Rosemary had not stopped: ‘It made no sense, of course. If I told her once I told her a hundred times, Oxford is not an evacuation area. Children are being sent to Oxford, aren’t they? We were entertaining some of them just yesterday, lively little things from London. A few of the girls from Somerville went out to cheer them up…’
But James was not listening. He was remembering the conversation — the row — he and Florence had had… when was it? A month ago? They had just come home from an evening at the Playhouse, watching a top-drawer play: the West End theatre, like so much else of London, had sought sanctuary in Oxford.

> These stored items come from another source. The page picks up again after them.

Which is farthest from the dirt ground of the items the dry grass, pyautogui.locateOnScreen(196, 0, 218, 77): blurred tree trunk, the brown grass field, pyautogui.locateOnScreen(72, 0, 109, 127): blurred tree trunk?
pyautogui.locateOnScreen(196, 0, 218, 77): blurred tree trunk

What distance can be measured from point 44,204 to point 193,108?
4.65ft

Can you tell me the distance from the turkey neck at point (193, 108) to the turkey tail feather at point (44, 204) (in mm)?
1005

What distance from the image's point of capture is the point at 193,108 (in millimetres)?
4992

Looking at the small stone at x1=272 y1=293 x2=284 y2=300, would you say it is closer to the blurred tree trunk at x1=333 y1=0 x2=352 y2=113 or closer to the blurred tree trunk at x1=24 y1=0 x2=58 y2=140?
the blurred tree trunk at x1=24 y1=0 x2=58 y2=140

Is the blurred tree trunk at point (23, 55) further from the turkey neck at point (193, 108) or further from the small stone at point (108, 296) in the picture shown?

‘I won’t hear of it,’ he had said.
‘What do you mean, you won’t hear of it. You do not have sole authority over our child. We are both Harry’s parents.’
He had tried to get out of the kitchen, walking past her as if to signal the discussion was over. But Florence had stuck her arm out across the doorway, barring his way. ‘You need to listen to me,’ she had said in a low voice, her teeth gritted. ‘I will do whatever it takes to protect him.’
‘It’s a surrender, Florence. You’re asking me to surrender to the fascists.’
‘“Surrender”? We’re not talking about a bridge or a railway line, James. This is not some strategically important piece of land. This is a child. ’
‘If people like us run away, Hitler will have won, won’t he?’
‘Don’t ask a two-year-old boy to do your fighting for you, James.’
‘What did you say?’
‘You heard what I said. You want us to be heroes because you can’t be. And it’s not fair.’
He had stepped back from her, not wanting to look her in the face. She had extended her hand, but he had brushed her away. ‘Don’t touch me,’ he had said, spitting out the words.
She tried again, her voice gentler. ‘When are you going to understand that you already did your bit? You made your sacrifice, James. And you were one of the first to do it. You took your stand against fascism when everyone else here was fast asleep. You don’t need to do any more.’
He had looked up at her, his face red with anger. ‘That’s easy for you to say. You’re a woman: no one expects you to fight. But I should be there, killing as many of those bastards as I can. I’m not though, am I?’ She had said nothing, prompting him to repeat his question, this time bellowing it: ‘Am I?’ Once she had sighed and nodded, he went on. ‘This is my frontline — here, this house. And I’ll be damned if anyone will make me retreat from my own bloody home.’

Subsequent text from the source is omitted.